DATA SEGMENT: Begin

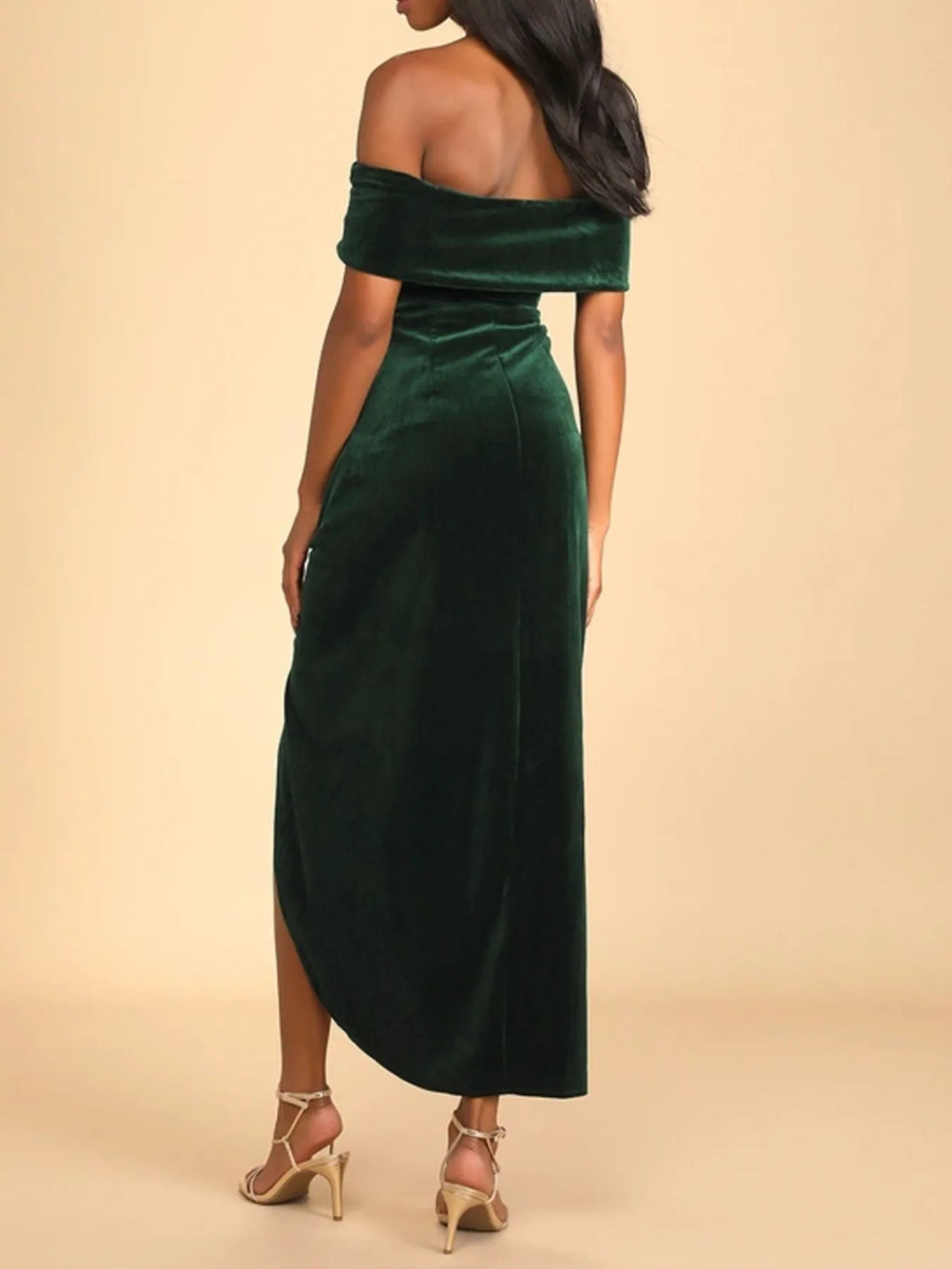 Off-Shoulder Wrap Dress with Side Slit - product image 3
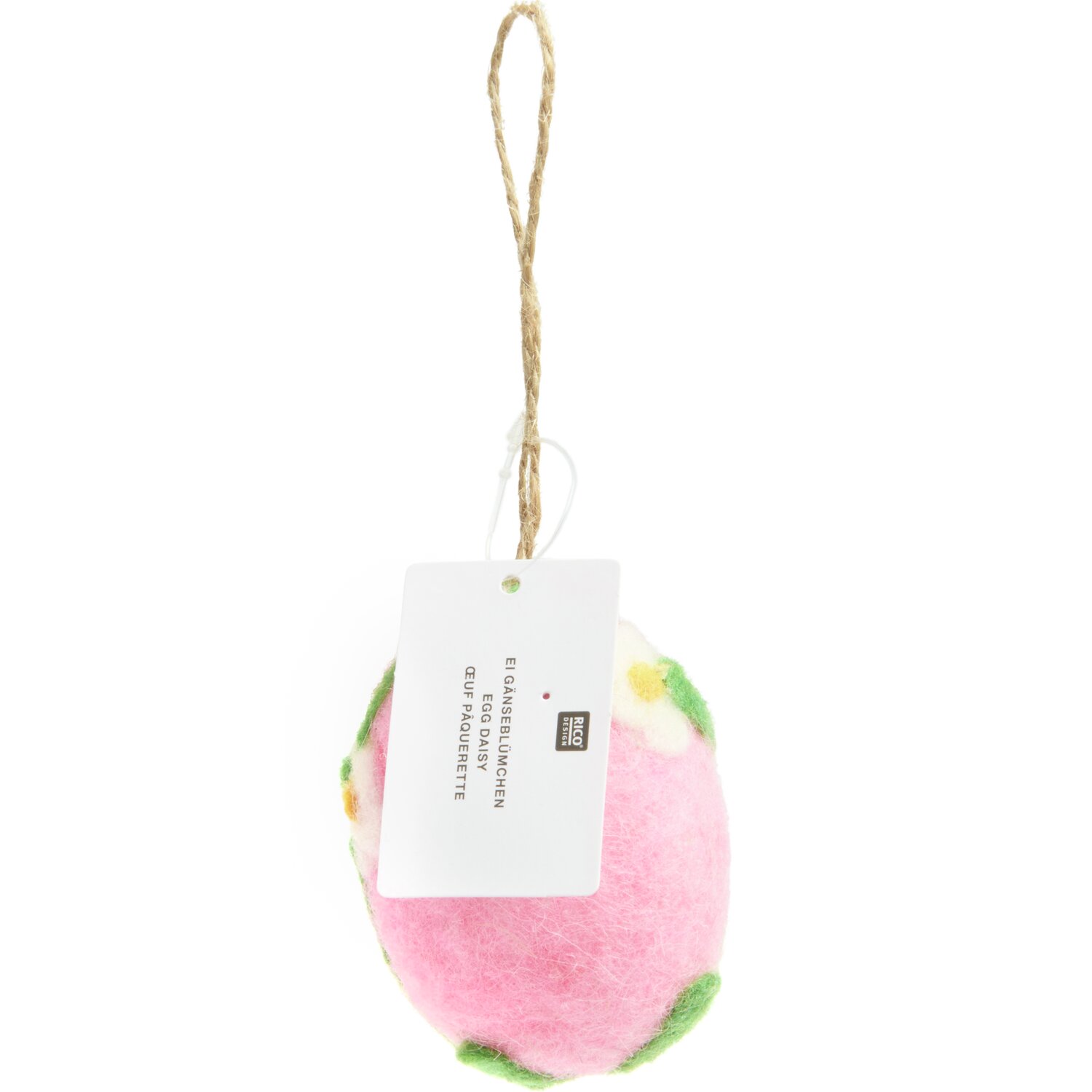 Aufhänger Filz-Ei Gänseblümchen 7,8xØ5,8cm von Rico Design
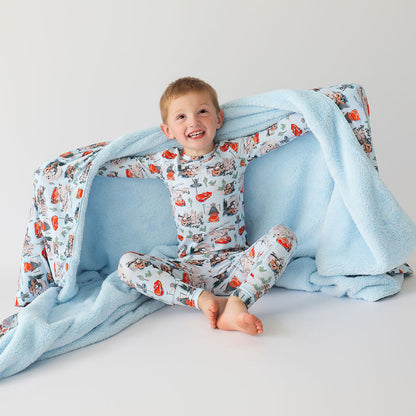 Disney Pixar Cars Rte 66 Luxe Plush Patoo® Blanket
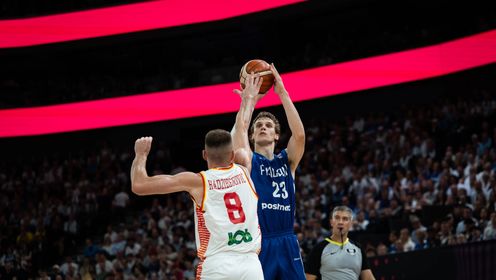 男篮欧锦赛-马尔卡宁26+13 武切维奇7+12 芬兰大胜黑山3连胜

DATA SEGMENT: End

WHAT YOU ARE ASKED TO DO:
Transcribe all the lines above exactly; any image among them is skipped.

RESPONSE TO THE EXERCISE:
 Off-Shoulder Wrap Dress with Side Slit - product image 3
 Aufhänger Filz-Ei Gänseblümchen 7,8xØ5,8cm von Rico Design
 Disney Pixar Cars Rte 66 Luxe Plush Patoo® Blanket
 男篮欧锦赛-马尔卡宁26+13 武切维奇7+12 芬兰大胜黑山3连胜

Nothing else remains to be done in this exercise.